START DATA FOR THIS TASK

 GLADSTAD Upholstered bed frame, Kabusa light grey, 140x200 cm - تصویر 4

END DATA FOR THIS TASK
START DATA FOR THIS TASK

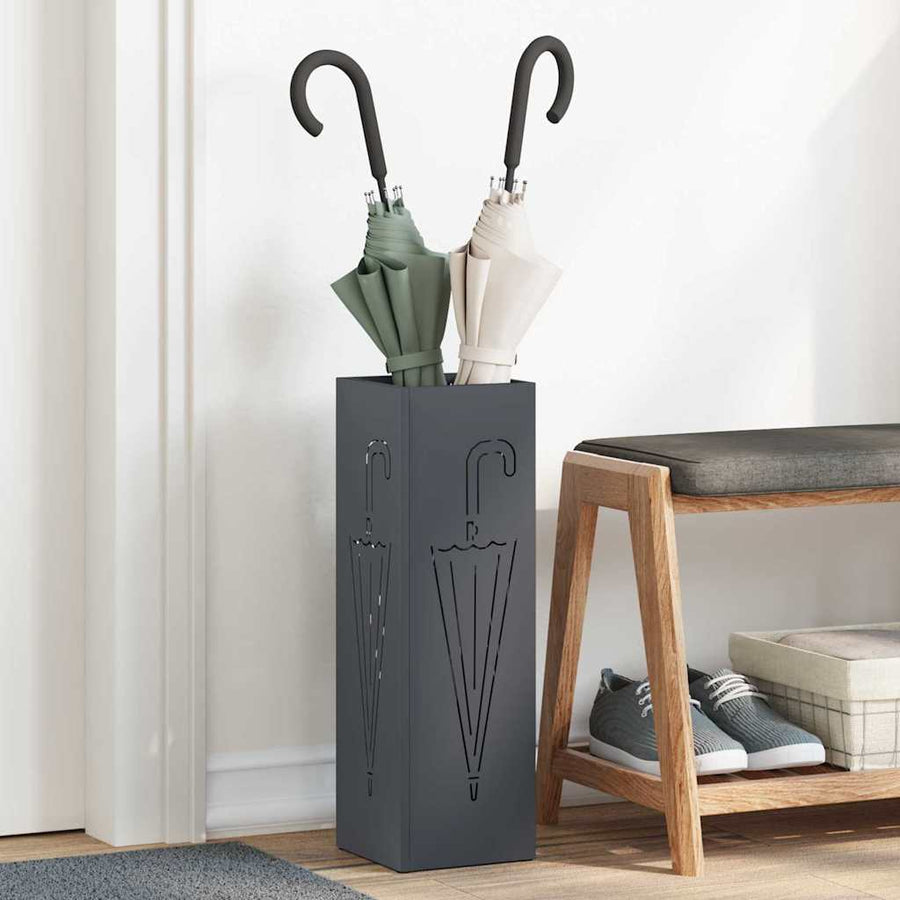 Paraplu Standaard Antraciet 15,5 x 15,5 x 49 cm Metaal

END DATA FOR THIS TASK
START DATA FOR THIS TASK

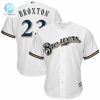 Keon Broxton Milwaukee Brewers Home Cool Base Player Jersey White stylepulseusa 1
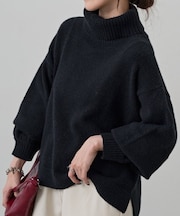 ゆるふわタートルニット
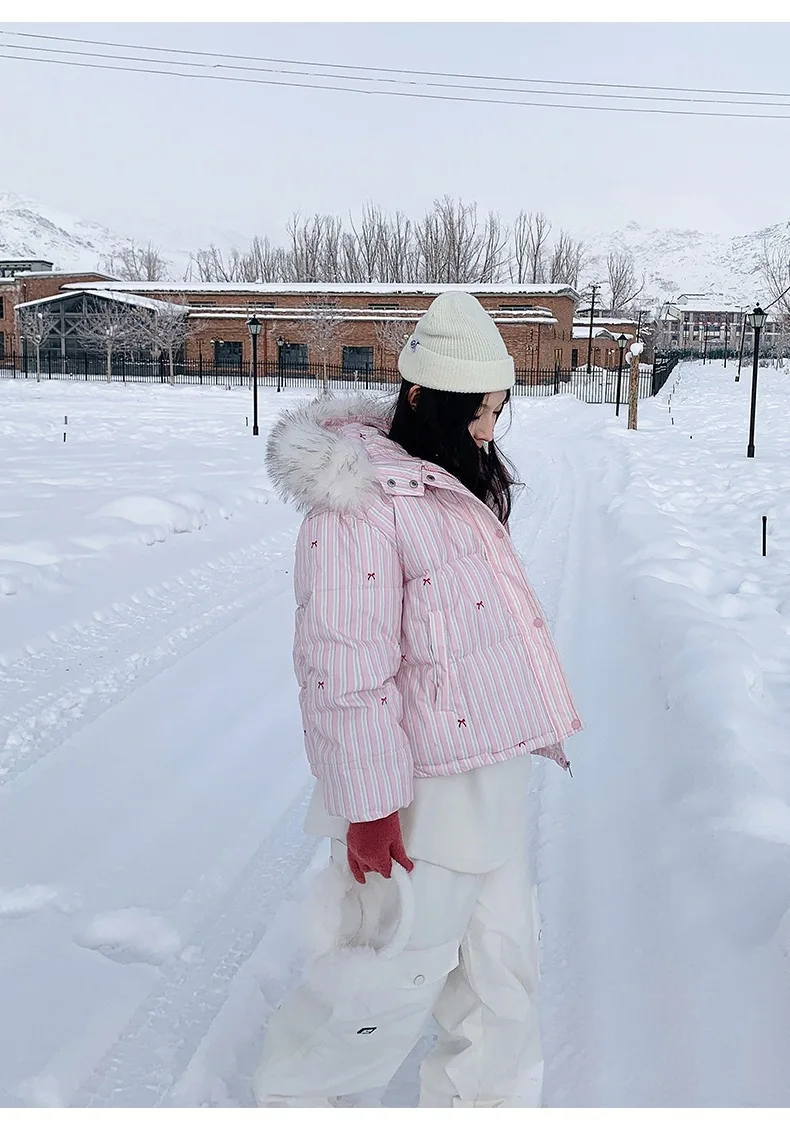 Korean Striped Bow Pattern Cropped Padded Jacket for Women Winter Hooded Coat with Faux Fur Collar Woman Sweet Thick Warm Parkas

END DATA FOR THIS TASK

#### WHAT TO PRODUCE:
An exact copy is needed. It runs from the line above containing "ゆるふわタートルニット" down to the line containing "Korean Striped Bow", both included, with no pictures.

#### WRITTEN SOLUTION:
 ゆるふわタートルニット
 Korean Striped Bow Pattern Cropped Padded Jacket for Women Winter Hooded Coat with Faux Fur Collar Woman Sweet Thick Warm Parkas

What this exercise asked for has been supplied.